__Your instructions__
Starting with the line that has "A man in leather" in the records below and stopping after the line that has "Faille Scoop Neck Bubble Dress", output every line exactly and nothing else; skip pictures.
### Extracted information ###
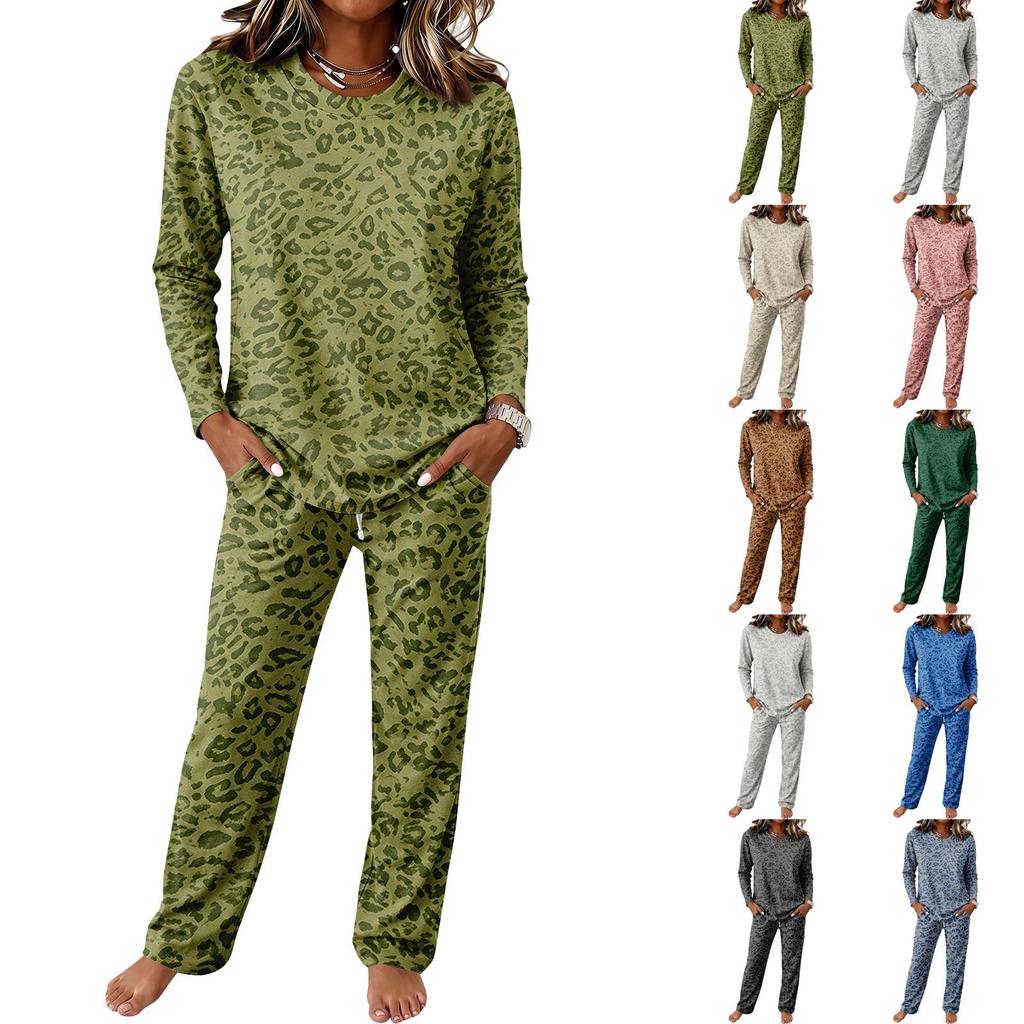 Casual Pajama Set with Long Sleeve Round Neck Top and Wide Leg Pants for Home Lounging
###
### Extracted information ###
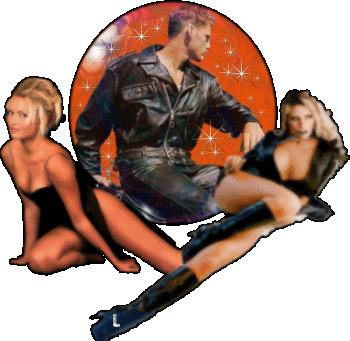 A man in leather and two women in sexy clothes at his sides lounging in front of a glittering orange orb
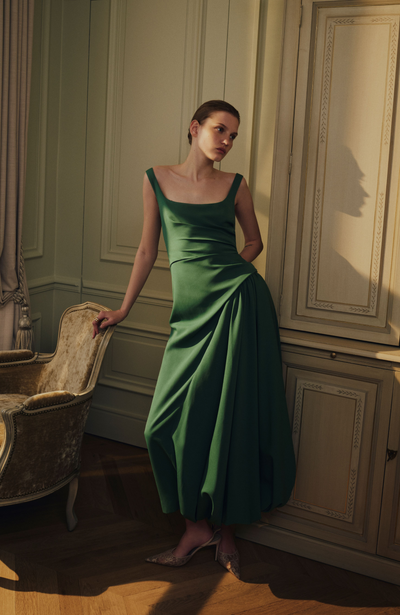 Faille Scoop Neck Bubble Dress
###
__Task answer__
 A man in leather and two women in sexy clothes at his sides lounging in front of a glittering orange orb
 Faille Scoop Neck Bubble Dress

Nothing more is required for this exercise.